The Aberdeen Harbour Expansion Project is one of Europe’s largest greenfield port capital investments projects over the next few decades . With a project investment of over £300 million, the project involves the construction of two new breakwaters each 600 m long, quay lengths of over 1.5 km, 2 million m3 of dredging including 0.25 million m3 of rock dredging, and about 1 million m3 of reclamation. The site is situated on the east coast of Scotland in a severe wave climate with design waves exceeding Hs~8m with single layer concrete armour units of up to 16 m3 required for the Southern Breakwater.

This paper sets out the development of the port masterplan and the key engineering design and environmental constraints, together utilising many of the principles set out in the forthcoming PIANC WG185 guide to the site selection and masterplanning of greenfield ports. The paper includes details of the background and context, the masterplanning process, numerical and physical wave modelling studies, and navigation simulation as well as the engineering and procurement process. Construction was fully under way in September 2017 and completion is scheduled for 2020.[PH1]

Background and context

Aberdeen Harbour has undergone substantial development over the last 40 years, primarily as a result of the growth in the oil and gas industry in the north-east of the UK. The growing trend for new, larger, multi-purpose vessels combined with the potential for new business streams including large cruise ships, the renewable energy sector, and decommissioning of oil and gas installations indicated that there is a case for growth beyond the capacity of the existing harbour infrastructure. Aberdeen Harbour Board therefore proceeded to develop a masterplan examining the case and direction for growth.

Masterplanning process

The masterplanning process is described in the paper using the same structure as the PIANC masterplanning guidelines, namely:

1. Establishing the ‘Needs and Vision’ and the ‘Performance and Functional’ requirements. This set out the initial vision and objectives of the new port at Aberdeen.
2. Establishing the ‘Spatial Needs’. Understanding the water and land areas and hinterland links.
3. Identifying and subsequently characterising three potential sites addressing issues such as:
   1. Marine: Bathymetry, geology, geotechnical, currents, sediments
   2. Terrestrial: Road and rail connections, material sources, utilities
   3. Environmental constraints: Legislative framework, Local planning issues, constraints and consultation. The chosen site included a Site of Special Scientific Interest (SSSI) and was adjacent to other designated sites.
4. Developing and screening the options based on multi-criteria analysis. This involved examining over 20 options in the three different sites.
5. Project Implementation:
   1. Undertaking
      • Numerical and physical wave modelling,
      • Navigation simulations and
      • Site surveys and ground investigations.
   2. Developing the:
      • Preliminary engineering and
      • Reference and Illustrative designs and associated specifications for tender purposes.
   3. Developing cost estimates, schedules and the procurement process.

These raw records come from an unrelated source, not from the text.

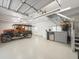 Bright garage space includes mini refrigerator, cabinets, stairs, and an antique truck at 876 Ranch Rd, Tarpon Springs, FL 34688
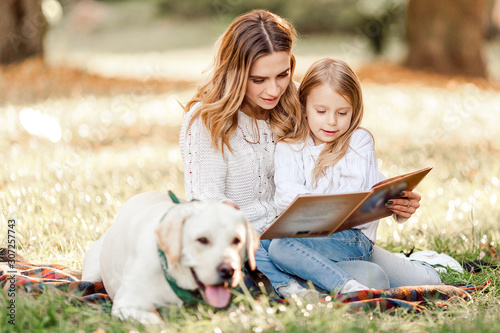 Happy beautiful mother and daughter with dog labrador is reads book sitting in the park. © zadorozhna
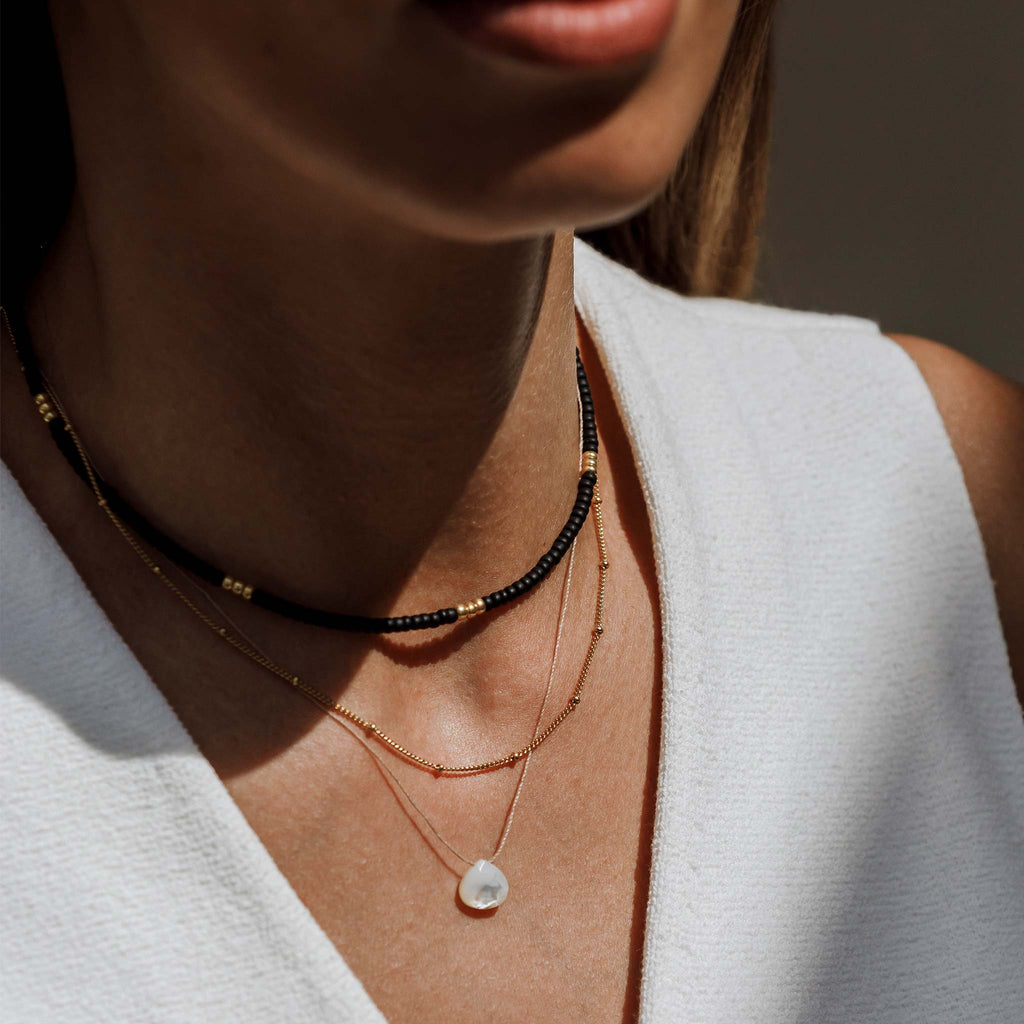 The Poolside Noir is a beaded necklace featuring small black beads, accented with gold beads creating a contrasting pattern. Styled in a necklace stack with the Satellite layering chain and mother of pearl fine cord necklace.
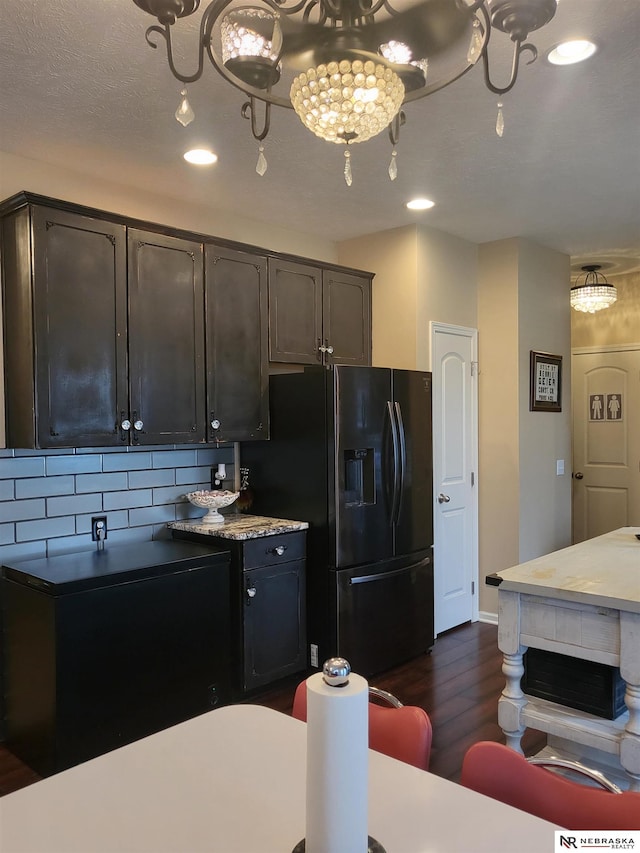 16228 Virginia St, Omaha, NE 68136 - kitchen with fridge with ice dispenser, dark wood-style floors, tasteful backsplash, recessed lighting, and dark brown cabinetry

The project implementation is described in more detail in the subsequent sections.

a) Modelling and simulation studies

The paper will describe the modelling and visualisation studies in detail:

1. Wave modelling for use in design and modelling of conditions from 50:1 to 1:200 year using MetOffice and ReMap data sets.
2. Flow modelling for use as input to the navigation simulation, sediment transport and environmental assessments.
3. Sediment transport assessments
4. Real time navigation simulation of the approach and berthing
5. 2D Physical modelling of the northern breakwater
6. 3D physical modelling of breakwater stability, wave disturbance in the harbour and vessel motions and line and fender loads
7. Visualisation: fly-through visualisation of the proposed works to enable the client and stakeholders to understand the nature and scope of the works being proposed.

b) Engineering design

The paper will describe the key engineering design features of:

1. The layout design including wave attenuation.
2. The breakwater design including examination of a number of options. The adopted Reference Design included 8m3, 10m3, 12m3 and 16m3 concrete armour units with crests at +12.6mCD and toes down to -11mCD. It included an unusual rear drainage trench to enable lowering of the crest structures.
3. Site surveys, review of historical information and extensive ground investigation.
4. The quay wall design, landside works: including paving, services and tie in to the existing local infrastructure.
5. The dredging design and associated revetments.

c) Environmental impact

The paper will describe the environmental impacts and mitigation measures.

d) Procurement strategy

Key to achieving best value for the marine construction was configuring the design to suit the operational constraints of the contractors’ plant and equipment, environmental constraints as well as material sourcing. It was seen that significant optimisation could be achieved if contractors were empowered to refine the design to suit their preferred methods of construction and hence the procurement strategy was configured to enable this goal. A Design & Build form of contract was adopted using the NEC3 form of Contract with a Reference Design forming the basis of the tender.

Key parts of the design package were:

• Detailed Reference design reports
• Design and performance requirements
• Construction and material requirements
• Drawing packages
• Environmental impact assessment
• Site information and ground investigation.